UNEP: Corruption Threatens Carbon Trade
Corruption has become a serious threat to the sustainability of climate control mechanisms, especially cap-and-trade systems, according to the latest bulletin from the United Nations Environmental Program (UNEP).
Corruption limits the overall reliability and effectiveness of environmental programs, the bulletin read, as “actors prioritize private benefits at the expense of socially optimal outcomes.”
While high levels of corruption can be linked to increased deforestation, air pollution, reduced water access, and damage to biodiversity, emissions trade schemes such as cap-and-trade systems seem particularly vulnerable to exploitation.
Cap-and-trade systems are one proposed method to limit greenhouse gas emissions. Under such plans, limits, or caps, are placed on annual greenhouse emissions. Each entity, be it a nation or a company, is given an emission limit. If an entity goes over that limit, it must either buy carbon credits from others who have stayed below their limit, or pay a fine. In theory, this scheme rewards those who stay below the greenhouse gas emission limit. In practice, it is a system rife with corruption.

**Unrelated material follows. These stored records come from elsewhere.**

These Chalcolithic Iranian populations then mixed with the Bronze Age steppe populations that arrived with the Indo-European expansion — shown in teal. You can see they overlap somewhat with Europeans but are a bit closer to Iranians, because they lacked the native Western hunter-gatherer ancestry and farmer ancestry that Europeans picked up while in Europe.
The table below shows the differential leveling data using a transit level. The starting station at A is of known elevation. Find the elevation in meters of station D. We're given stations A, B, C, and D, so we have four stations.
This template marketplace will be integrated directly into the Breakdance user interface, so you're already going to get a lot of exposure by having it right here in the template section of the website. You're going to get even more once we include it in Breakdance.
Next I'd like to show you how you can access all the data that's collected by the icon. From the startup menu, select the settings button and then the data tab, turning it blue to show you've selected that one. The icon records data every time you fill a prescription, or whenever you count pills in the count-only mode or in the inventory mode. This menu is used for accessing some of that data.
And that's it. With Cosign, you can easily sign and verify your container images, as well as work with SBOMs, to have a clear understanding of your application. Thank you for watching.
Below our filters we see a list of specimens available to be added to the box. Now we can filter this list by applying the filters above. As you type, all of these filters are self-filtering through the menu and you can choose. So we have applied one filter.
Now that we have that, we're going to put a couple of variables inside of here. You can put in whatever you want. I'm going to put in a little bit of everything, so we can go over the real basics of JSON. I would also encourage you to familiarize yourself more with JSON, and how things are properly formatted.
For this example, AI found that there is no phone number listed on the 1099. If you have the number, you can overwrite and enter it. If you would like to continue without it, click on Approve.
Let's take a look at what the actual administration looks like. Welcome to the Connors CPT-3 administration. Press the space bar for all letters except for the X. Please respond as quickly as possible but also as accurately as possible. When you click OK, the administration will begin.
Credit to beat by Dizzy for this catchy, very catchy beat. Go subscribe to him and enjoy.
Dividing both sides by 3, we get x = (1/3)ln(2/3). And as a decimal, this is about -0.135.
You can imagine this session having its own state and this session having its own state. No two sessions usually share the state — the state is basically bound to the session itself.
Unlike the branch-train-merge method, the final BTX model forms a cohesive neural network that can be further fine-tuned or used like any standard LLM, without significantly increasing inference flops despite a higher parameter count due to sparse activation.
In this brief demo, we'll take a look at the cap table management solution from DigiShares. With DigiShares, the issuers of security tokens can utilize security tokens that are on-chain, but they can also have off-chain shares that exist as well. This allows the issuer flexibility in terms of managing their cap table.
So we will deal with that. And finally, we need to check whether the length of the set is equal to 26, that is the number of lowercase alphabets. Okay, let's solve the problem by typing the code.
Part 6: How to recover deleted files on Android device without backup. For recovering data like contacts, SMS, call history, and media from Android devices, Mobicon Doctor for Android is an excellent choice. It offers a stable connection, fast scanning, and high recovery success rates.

The European Union, which boasts the largest cap-and-trade system in the world, has been repeatedly damaged by corruption, which has included the re-sale and misreporting of used carbon offsets, and “sophisticated computer hacking” which led to thefts from national carbon emission registries. While both can be purchased and traded, carbon offsets are different than carbon credits in that offsets represent tangible projects ranging from forestry and land use change, whereas credits are similar to a currency, each credit worth a set amount of carbon emission. An entity can therefore obtain carbon credits in exchange for funding an offset program, as well as buy them on the open market.
But the biggest threat is value-added tax fraud. In 2010, authorities uncovered VAT fraud in carbon trading which amounted to an estimated $6.45 billion in losses. In this form of VAT fraud, known as carousel fraud, the carbon credit trader sells the carbon credit to a buyer, charges a VAT, and then keeps the taxes meant for the government. The trader then quickly disappears. Rampant carousel fraud led to a restructuring of the carbon trade system’s tax structure, but not before a deflation of 90 percent in the carbon market caused a temporary cessation of carbon trade, the UNEP bulletin said.
As regional climate control frameworks such as Europe’s carbon trading system, and the global Reducing Emissions from Deforestation and Forest Degradation (REDD+) initiative become more popular, the success of climate control will depend heavily on the ability of these systems to effectively limit and counter corruption.
Public trust in the ability of these institutions to counter climate change could be seriously hampered by continued corruption, the agency said, noting that climate control discussions occur “against the backdrop of a protracted global financial crisis,” which means that every dollar lost to corruption has a greater impact.